Even careful, dedicated savers don’t always have a strategy in place to meet financial needs during retirement.
“Many times, they’re just putting money aside and hoping it will work out,” said Jeff Photiades, wealth management advisor with Northwestern Mutual in Manchester, New Hampshire.
Professionals, like Photiades, frequently see people making the same mistakes with their retirement plans. The good news is these pitfalls are easily avoidable if you know to look for them. Here are five things every retirement saver should watch out for:
1. Withdrawing funds early. When planning a home improvement project, a grand vacation or how to pay for a child’s college tuition, you may be tempted to tap into your retirement account.
“We see this more often than you might think,” said Photiades. “A 40-year-old may think a $10,000 to $20,000 withdrawal will be easy to make up. The challenge is that it makes a huge difference [in how much money can be saved].”

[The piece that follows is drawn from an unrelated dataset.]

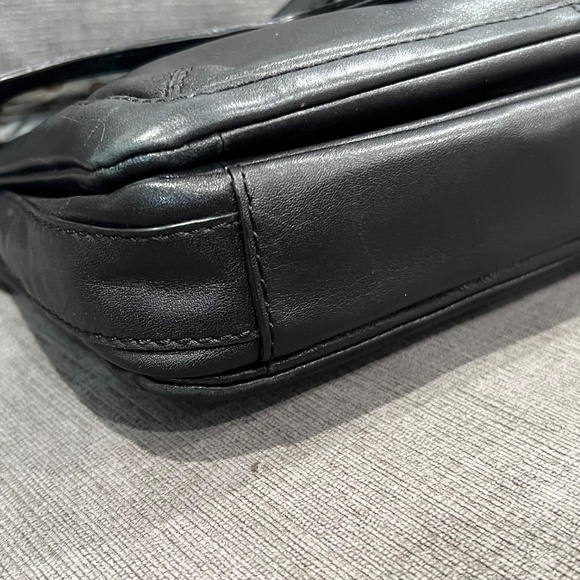 Vintage Coach Black Leather Shoulder Bag - Picture 6 of 13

Taking money from a tax-advantaged retirement account like an IRA or 401(k) before retirement age can be expensive. Funds withdrawn from these accounts are subject to ordinary income tax rates, and they are also assessed a 10 percent tax penalty if taken before age 59½. Then, there are the lost investment earnings to consider.
For example, when taking $20,000 from your 401(k) to pay for an emergency expense, you actually only net about $13,000 after taxes and penalties. Leaving that $20,000 in your retirement account, however, and assuming growth of 6 percent annually, in 25 years it will be worth over $85,000, Photiades pointed out.
This is why it’s a good idea to build an emergency fund for about 6 to 12 months’ worth of expenses. By building this financial buffer, you will be able to avoid the pricey temptation of tapping your retirement accounts and keep your long-term savings strategy on track.
2. Borrowing from a 401(k). Workers today stay at a job for an average of just under five years, according to the most recent data available from the Bureau of Labor Statistics. This trend makes a 401(k) loan tricky for many employees, Photiades explained.
“The good news is that employees are required to pay themselves back and re-fund their 401(k) plans,” said Photiades. Unfortunately, if you leave your job, “the balance can’t be rolled over or moved to a new employer until the loan is repaid.”
Most loans need to be repaid within five years, and sometimes sooner, he added, or the outstanding balance will be treated as a pre-retirement withdrawal and will be subject to ordinary income tax and the early withdrawal penalty. Plus, Photiades added, the stock market grows more often than it contracts. Borrowers who pull money out of a retirement account are likely to miss out on potential market increases.